This is a macho thing. Imagine us all walking (strolling) into my garden railway, the MIRR, and there sits a treadle sewing machine hooked up to an 8' circle of track surrounding it, and a huge sign nearby that reads: "THE CURRENT RECORD FOR THREE LAPS AROUND THIS TRACK IS 56 SECONDS, HELD BY DUDLY HUNKERBUNS of PEASTICKS. KENTUCKY." Who among us could/would walk past it without giving it a shot? Answer: NOBODY. You might only get it halfway around the first lap before you huff and puff and give up rather than blow it down but I GAR-ON-TEE we'd all be arm wrestling each other for a shot at it. At least I think so. And I promise to post a video on You Tube for us all to watch when the first person (probably me) gives it a shot. I'll keep you posted.


----------



## RimfireJim (Mar 25, 2009)

I understand why you want to do it, even if some people don't. And it should be fun for kids to try. And I don't think it is going to be as exhausting as all that. I can turn a hand crank sewing machine, with one arm, and produce the same output as the models that were equipped with an electric motor that is considerably bigger than that found in most garden train locomotives, and I can produce more with both legs working a treadle than with one arm on a crank. 

I think the first thing to do is make a measurement of the voltage and amperage you need to run your train. Be sure to do this with whatever load (cars and grade) you plan to use. Once you have those, you can look for a generator to match. If you're good with 12-14VDC, then your odds are better than if it is some less common voltage. If you find a generator in the range you need, you shouldn't need anything else electrically. The treadle can be run backwards, so that takes care of reversing if it is a straight DC generator. The generator will have a speed at which it produces full voltage; estimate max speed on the treadle and then use pulleys to convert appropriately. You should be able to use a brush-type DC motor as a generator. It will need to to have sufficient capacity to prevent overheating and burnout, and the right voltage and current characteristics. Do a web search on that concept and you will find lots of info.


----------



## Totalwrecker (Feb 26, 2009)

I dunno, that Hunkerbun boy is a big lug in his own right. 
I think I'd be more inclined to goad a friend into giving it a try. I don't mind my fun at his expense! 

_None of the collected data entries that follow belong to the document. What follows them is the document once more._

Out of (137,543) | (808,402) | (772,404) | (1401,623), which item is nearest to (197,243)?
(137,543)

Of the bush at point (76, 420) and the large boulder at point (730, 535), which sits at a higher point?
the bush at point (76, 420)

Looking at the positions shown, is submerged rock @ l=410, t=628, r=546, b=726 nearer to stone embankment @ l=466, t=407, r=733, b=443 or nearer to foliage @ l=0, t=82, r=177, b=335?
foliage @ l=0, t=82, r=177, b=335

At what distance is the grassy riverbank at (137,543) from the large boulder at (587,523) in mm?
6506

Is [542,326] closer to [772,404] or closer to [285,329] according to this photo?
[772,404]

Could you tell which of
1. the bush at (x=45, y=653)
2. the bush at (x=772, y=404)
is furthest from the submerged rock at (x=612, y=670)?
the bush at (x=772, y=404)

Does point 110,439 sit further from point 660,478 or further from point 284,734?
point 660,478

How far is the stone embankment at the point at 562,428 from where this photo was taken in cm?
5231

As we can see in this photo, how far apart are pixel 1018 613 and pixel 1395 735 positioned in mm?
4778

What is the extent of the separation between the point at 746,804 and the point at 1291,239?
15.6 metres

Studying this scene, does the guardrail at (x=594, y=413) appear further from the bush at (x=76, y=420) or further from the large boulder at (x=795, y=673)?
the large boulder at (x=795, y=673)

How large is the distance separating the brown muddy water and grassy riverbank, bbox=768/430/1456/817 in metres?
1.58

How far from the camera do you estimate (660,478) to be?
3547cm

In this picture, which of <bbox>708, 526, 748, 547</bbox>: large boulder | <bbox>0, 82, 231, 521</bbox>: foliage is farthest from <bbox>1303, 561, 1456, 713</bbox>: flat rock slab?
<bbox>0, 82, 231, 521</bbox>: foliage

It will be fun to see what you make. 

Happy Rails 

John


----------



## ddevoto (Jan 22, 2008)

I dunno, that Hunkerbun boy is a big lug in his own right. 
I think I'd be more inclined to goad a friend into giving it a try. I don't mind my fun at his expense! 

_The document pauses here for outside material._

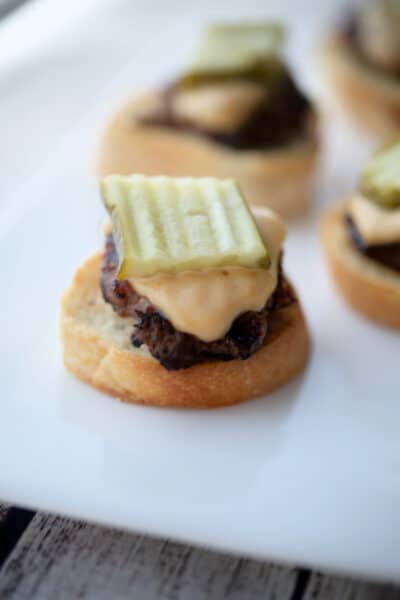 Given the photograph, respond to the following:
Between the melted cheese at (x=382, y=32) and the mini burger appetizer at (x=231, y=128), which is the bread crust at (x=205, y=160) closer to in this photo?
the mini burger appetizer at (x=231, y=128)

It will be fun to see what you make. 

Happy Rails 

John 

John, 
That sure sounds a lot like Tom Sawyer tried get'in Jim ta white wash dat ole' fence!


----------



## John J (Dec 29, 2007)

I had a treadle style sewing machine. I used it to make Leather Chaps and vests. It was exhausting. My legs would cramp up from working the treadle. 


It was difficult even with just ordinary cloth material. 

I quickly converted it to a DC electric motor.

JJ


----------



## Mik (Jan 2, 2008)

I found this in my junk folder last night, and it fit so well with this thread that I started to laugh: 
Power bank 12800mah with hand crank generator.‏ 
Dear Sir, 
How are you!!! 
Our new product picture as following for your reference. 
it is first portable battery charger with hand crank, and big capacity 12000mah with cheap price similar as other 5000 mah battery. 
if you need detail specification and picture, please reply email. 

sample price $35.00 
100 PCS : $32.00 
500 PCS $30.0 

Best regards! 
Best regards! 
Jenni Yan 

If you REALLY want the contact info, backchannel me... hehehehe


----------